Pay close attention to step number 7 above. Some of my cakes had bubbles, because I forgot to drag a knife through the batter. Live and learn, right?!

If your cakes don’t look perfect, don’t worry, whipped cream and strawberries will hide all kinds of imperfections.

Print

STRAWBERRY ANGEL FOOD DELIGHT RECIPE - MINI ANGEL FOOD CAKES

Mini angel food cakes put a fun spin on a classic dessert with fresh strawberries and whipped cream.
Course Dessert
Prep Time 45 minutes
Cook Time 20 minutes
Cooling 30 minutes
Total Time 1 hour 35 minutes
Servings 6 mini cakes

Ingredients

  • 5 egg whites room temperature
  • 1/2 cup powdered sugar
  • 1/2 cup flour
  • 1/2 cup granulated sugar
  • 1 tsp cream of tartar
  • 1 tsp pure vanilla extract

Instructions

  • Separate eggs and allow egg whites to come to room temperature in a large stainless mixing bowl for about 30 minutes.
  • Preheat oven to 350 F. Make sure all utensils bowls and angel food cake pan is clean and free of any oils or grease.

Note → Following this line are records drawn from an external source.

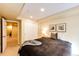 Bedroom with carpet, a sliding door closet and view to another space at 7083 Leopard Dr, Lone Tree, CO 80124
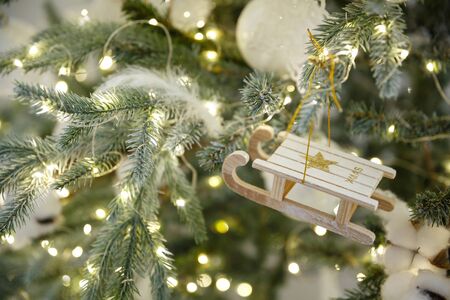 Christmas toy sled hanging on a branch of spruce. New year tree decorated with a garlandの写真素材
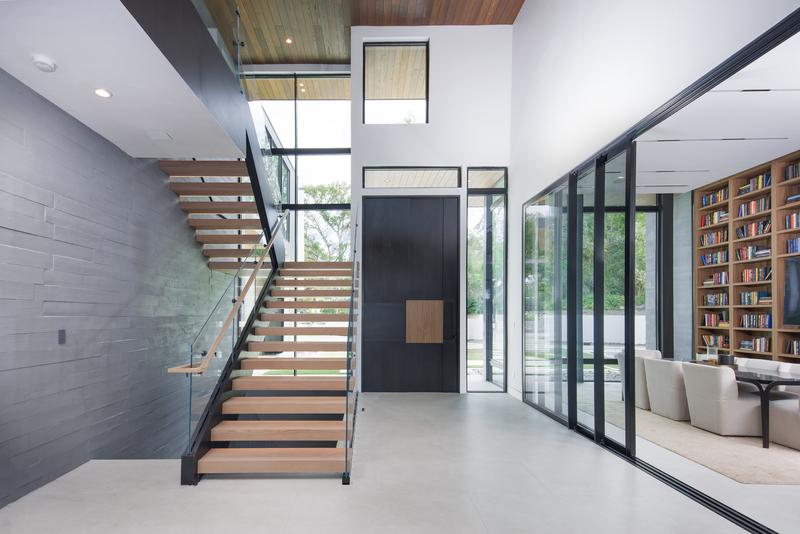Floating staircase and two-story glass entry — The New American Home 2026, Orlando FL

Do not grease angel food pan.
  • Sift flour and powdered sugar together in a bowl and set aside.
  • Using the whip attachment on your stand or hand mixer, whip the egg whites at medium speed until frothy.
  • Slowly add granulated sugar, cream of tartar and vanilla to the frothy egg whites.
  • Fold in the flour and sugar mixture in stages. Be sure to scrape the bottom of the bowl to make sure there are no dry ingredients left.
  • Pour or spoon batter into your mini angel food cake pan. Drag a plastic knife, spatula or wooden skewer through the batter to remove any air bubbles.
  • Bake for 18 to 22 minutes.
  • Cake should be slightly brown and spring back to a light touch when done.
  • Invert cake and allow to cool completely before removing cakes from the pan. I'm using four ramekins to elevate the pan.
  • Use a plastic knife or wooden skewer around the edge and center of each cake to release.
  • Garnish with whipped cream and strawberry topping below.
Print

STRAWBERRY TOPPING

Topping for mini angel food cakes.
Course Dessert
Total Time 30 minutes
Servings 2 cups

Ingredients

  • 2 cups fresh strawberries cut into small pieces
  • 2 tbs granulated sugar
  • 1 tbs orange liquor optional

Instructions

  • While the mini angel food cakes are baking, cut strawberries into small pieces and place in a small bowl.
  • Sprinkle sugar over strawberries and stir. This will help them to release their juices.
  • Optional step: Add 1 or 2 tablespoons of orange liquor to the strawberries for an extra boost of flavor. My favorite orange liquor is Cointreau, but you can also use Grand Marnier.
  • Cover and chill in the fridge until ready to serve.
  • Will keep up to three days in the fridge.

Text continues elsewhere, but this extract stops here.